New paper highlights huge marriage gap between social classes
60 pc of upper professional workers are married but less than a third of unskilled workers
Except for Christmas Day, Valentine’s Day is the most popular date for couples to get engaged.
But many couples in Northern Ireland are just too poor to tie the knot, according to a new report by The Iona Institute.
Entitled ‘Mind the Gap: Marriage and Family by Social Class in Northern Ireland’, the report shows that for many of the more socially disadvantaged in Northern Ireland the dream of walking down the aisle will never become a reality.
The figures, derived from the Northern Ireland Statistics and Research Agency (NISRA) show that 60.7% of upper professional workers (‘Social Class A’) aged 18-49 are married, compared with just 32.7% of unskilled or elementary workers (‘Social Class I’).
Workers in professional occupations are almost twice as likely as unskilled workers to be married.
The huge discrepancy indicates that there are formidable social impediments to marrying if you are from a socially disadvantaged group. The report also shows that with one exception (plant and machine operatives (‘Social Class H’), the likelihood of being married becomes progressively less as we move down the social scale.
Commenting on the figures, Tracy Harkin of the Iona Institute said: “These impediments need to be fully explored and, where possible, removed. Anyone who believes in the importance of marriage should be deeply concerned about these figures. Why is it that the better off a person is, the more likely they are to be married, and the less well-off they are, the less likely they are to be married? Social disadvantage clearly diminishes a person’s chances of marrying and not marrying in turn increases the odds of remaining socially disadvantaged. It is a vicious circle and it is one that obviously affects children as well.
“A US study* by one of that country’s most esteemed social scientists has shown that if Americans married at the same rate as in 1970, rates of poverty in that country would diminish by between 20% and 30%.”

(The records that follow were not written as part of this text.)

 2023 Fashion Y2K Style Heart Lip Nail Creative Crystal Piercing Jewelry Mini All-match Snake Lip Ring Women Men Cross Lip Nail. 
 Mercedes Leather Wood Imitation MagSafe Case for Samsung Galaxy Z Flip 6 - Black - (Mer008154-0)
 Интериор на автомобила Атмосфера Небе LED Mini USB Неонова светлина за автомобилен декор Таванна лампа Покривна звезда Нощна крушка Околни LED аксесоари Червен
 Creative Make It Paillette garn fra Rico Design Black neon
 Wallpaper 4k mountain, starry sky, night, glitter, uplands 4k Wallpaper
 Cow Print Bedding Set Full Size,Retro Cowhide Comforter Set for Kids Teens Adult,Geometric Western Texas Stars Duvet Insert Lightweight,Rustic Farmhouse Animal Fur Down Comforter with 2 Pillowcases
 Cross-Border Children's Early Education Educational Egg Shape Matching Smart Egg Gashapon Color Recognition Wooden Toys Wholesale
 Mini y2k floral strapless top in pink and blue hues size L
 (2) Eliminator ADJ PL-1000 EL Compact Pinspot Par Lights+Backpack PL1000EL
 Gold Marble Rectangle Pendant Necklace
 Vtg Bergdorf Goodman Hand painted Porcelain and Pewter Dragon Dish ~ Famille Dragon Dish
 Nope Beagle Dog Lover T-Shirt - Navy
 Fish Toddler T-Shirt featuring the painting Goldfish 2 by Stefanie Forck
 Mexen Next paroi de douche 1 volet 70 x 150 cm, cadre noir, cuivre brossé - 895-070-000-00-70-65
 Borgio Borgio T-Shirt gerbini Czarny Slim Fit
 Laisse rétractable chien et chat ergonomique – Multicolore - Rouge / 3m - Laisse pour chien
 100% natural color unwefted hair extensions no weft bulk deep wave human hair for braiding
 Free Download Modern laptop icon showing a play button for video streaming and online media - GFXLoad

Tracy continued: “A key factor driving down the odds of marrying for those who are most socially disadvantaged is poorly paid insecure jobs. People are less likely to marry if they feel financially insecure. There are also disincentives to marry built into the social welfare system. It can be more financially advantageous for two people on social welfare to remain single than to marry.
“We ought to be able to agree that the big marriage divide which exists between the social classes is a matter of grave concern, something that must be tackled by our politicians, other policy-makers and opinion-formers.
Tracy Harkin concluded: “This is an issue of justice and of equality and cries out for public debate that will, hopefully, help us all to work to close the marriage gap between the poor and the better off in Northern Ireland”.
* Brooking Institute
Notes to editors
The report entitled “Mind the Gap: Marriage and Family by Social Class in Northern Ireland” by The Iona Institute is attached as a pdf.
The report focuses on the age group 18-49 because this is the age group in which people start their families.
The Iona Institute is a Christian advocacy group and research body.